Things To Know as a New DBA to Avoid Mistakes

Problem

As we gain experience in the technology we use, we inevitably learn things along the way that could have been useful long before we got that far. I certainly learned a lot of things the hard way, as I’m sure many of us do, and in my case that has definitely led to me implementing some sub-par solutions along the way.

Solution

In this tip, I wanted to point out a few of the concepts that I wish I had spent more time researching earlier on, and provide my reasoning and some links to further reading.

1. TESTING YOUR BACKUPS IS NOT ENOUGH

You may have heard this before, but a very appropriate quote I hear repeated often is, “You should have a restore plan, not a backup plan.” So true, and I’ve seen so many customers get bitten in scenarios where they are validating that their backup jobs are succeeding, and that is it.

There is not much point in having a .bak file on hand if you have no idea whether it can even be restored, or how long that restore will take on a secondary or disaster recovery server. There are various ways to automate this process, but a good start would be to have periodic disaster recovery drills, where you pretend that the production server is offline, and then do whatever you need to do to stand that system up elsewhere (stopping at the re-point your apps step).

At my last job, I went so far as to actually use a log shipping secondary as a production reporting server. Part of the motive was to reduce read contention on the primary OLTP instance, but a much more important side effect was that this would actively be testing the restore of every single backup, and making production services rely on those restores succeeding. (In the event of failures, we could either revert to the previous day, or just point the reporting application to the OLTP server temporarily.)

Some further reading on this topic:

2. INDEXING IS A BALANCE

Often I find that, over time, people will create an index for every problematic query they ever troubleshoot.

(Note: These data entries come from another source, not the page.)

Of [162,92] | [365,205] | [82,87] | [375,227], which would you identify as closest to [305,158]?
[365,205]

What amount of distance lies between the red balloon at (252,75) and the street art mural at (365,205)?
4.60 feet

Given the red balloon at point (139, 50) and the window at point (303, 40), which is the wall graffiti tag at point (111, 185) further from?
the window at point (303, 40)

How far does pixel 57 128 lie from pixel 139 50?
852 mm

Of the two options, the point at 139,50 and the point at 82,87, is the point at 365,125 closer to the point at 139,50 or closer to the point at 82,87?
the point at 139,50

I’ve been guilty of that, but have seen some extreme examples. My personal record has been a customer’s table with 215 non-clustered indexes – pretty impressive when there were only around 70 columns. While this is a quick and easy way to solve a short-term problem with, but happens because it is a quick way to solve a performance problem with an individual, isolated query.

The problem is that every index takes space on disk and in memory, and adds overhead to the write portion of the workload, since every index needs to be maintained along with the underlying table data. This means that for every insert, update, and delete, all of the indexes have to be modified as well. A system filled with many, often redundant indexes is going to have performance issues even with balanced workloads, and will be more prone to blocking and deadlocking in high-write scenarios.

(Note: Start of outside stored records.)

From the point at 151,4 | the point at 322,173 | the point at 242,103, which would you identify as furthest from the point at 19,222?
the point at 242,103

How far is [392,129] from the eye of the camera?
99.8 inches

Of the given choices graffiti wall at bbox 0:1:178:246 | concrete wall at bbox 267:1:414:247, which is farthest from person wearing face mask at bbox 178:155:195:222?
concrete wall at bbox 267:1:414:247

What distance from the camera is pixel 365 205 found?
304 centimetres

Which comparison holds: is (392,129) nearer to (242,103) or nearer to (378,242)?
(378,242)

There are dynamic management views and other indicators for discovering indexes that are missing and would help performance, but there are also ways to find redundant and unused indexes that are more trouble than they’re worth.

Some further reading on this topic:

3. DATES CAN BE A PAIN

I grew up in Canada, so I had a leg up on the disaster that is the MM/DD/YYYY format for expressing dates. But little did I know how many other technical issues and gotchas I would come across when dealing with date/time data in SQL Server in my early career. Some of the things that took my younger, more stubborn self to get straight:

BETWEEN IS AMBIGUOUS (AT BEST) – I used to write queries that paraphrased “give me all the data between the beginning and end of February.” February is a thorny example because of leap years, but even that aside, what do we mean by the “end” of the month? If the data is represented with datetime, it’s the 28^th or 29^th at 23:59:59.997. If it’s smalldatetime, it’s 23:59:00. Datetime2? As late as 23:59:59.9999999. And date is just the 28^th or 29^th at midnight. It’s very difficult to accurately determine the end of a period when the underlying data type can change; EOMONTH() doesn’t help, because it returns the last day of the month at 12:00 AM. I learned after some time that it’s much easier to determine the beginning of the next period than the end of the current one. So instead of:

WHERE column BETWEEN '20190201' AND '2019022[8|9] 23:59[:59.99[7|99999]]';

You say:

WHERE column >= '20190201' AND column < '20190301';

Again, if you know the beginning of the range, the beginning of the next range is very easy to find, and doesn’t have any of the issues involved with being sure you’ve correctly calculated the end of the range.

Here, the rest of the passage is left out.